За исключением двух последних строк. Наш автор не будет держать взгляд твердо на вещи перед ним; он уходит и отвлекает нас, и разрушает впечатление, которое начал успешно производить, призывая нас посмотреть теперь на что-то другое. Некоторые более простые эпитеты, чем «дрожащий», и более простой язык, чем «тусклое золото» или «старческие конечности», сделали бы работу лучше. Мы вполне готовы поверить, что эти ошибки и эти неприятности лично были необходимостями для писателя, являются неловкостями роста, от которых полный рост может не показать и следа. Ему следует, однако, заверить, что хотя грубая энергия стиля его «Жизненной драмы» может привлечь при первом чтении, все же в любом случае это не тот род письма, к которому люди возвращаются с удовольствием и на который опираются с удовлетворением.
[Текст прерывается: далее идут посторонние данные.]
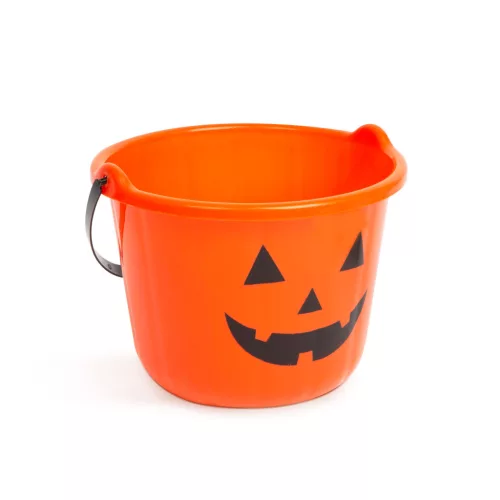 Halloween Cukorkagyűjtő Vödör Tök Mintával – Narancssárga Műanyag Vödör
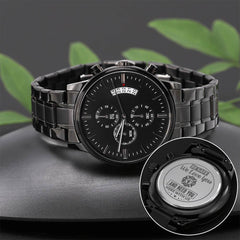 To My Firefighter Husband Need You Here With Us Charcoal Black Chronograph Watch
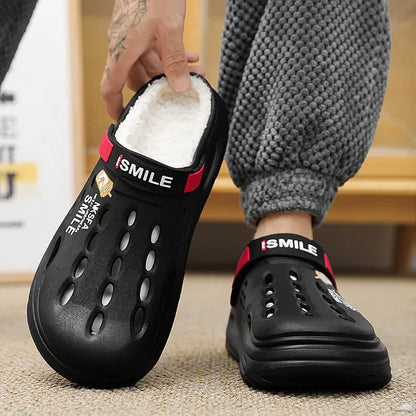 Men's Winter Slippers With Faux Fur Lining Indoor Plush EVA Sole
Это может быть беспочвенная фантазия, но мы все же полагаем, что есть целое полушарие, так сказать, английского языка, которое он оставил непосещенным. Его дикция кажется нам такой, как если бы между Мильтоном и Бернсом он не читал, а между Шекспиром и Китсом редко восхищался. Безусловно, мало вдохновения в сочинениях прошлого века; тем не менее, английский язык был действительно лучше и естественнее всего написан, когда было, возможно, меньше всего о чем писать. Чтобы получить реальное владение языком, некоторое знакомство с прозаиками, по крайней мере, того периода, почти существенно; и выписывать, как простое ежедневное задание, отрывки, например, Голдсмита, принесло бы стихотворцу девятнадцатого века столько же пользы, мы полагаем, как изучение Бомонта и Флетчера.
ДВА ПИСЬМА ПАРЕПИДЕМА. (Опубликовано в «Патнэмс Мансли», Нью-Йорк, за июль и август 1853 г.)
ПИСЬМА ПАРЕПИДЕМА
I.
Мой дорогой сэр, — Я покинул эту страну как можно ближе (следующий июнь, я полагаю, завершит это) четверть века назад, чтобы пойти в школу. Меня отправили «домой», как они это называли, — то есть прочь из дома, в страну, к которой мои родители, и, я полагаю, ваши тоже, давно принадлежали, — чтобы получить образование.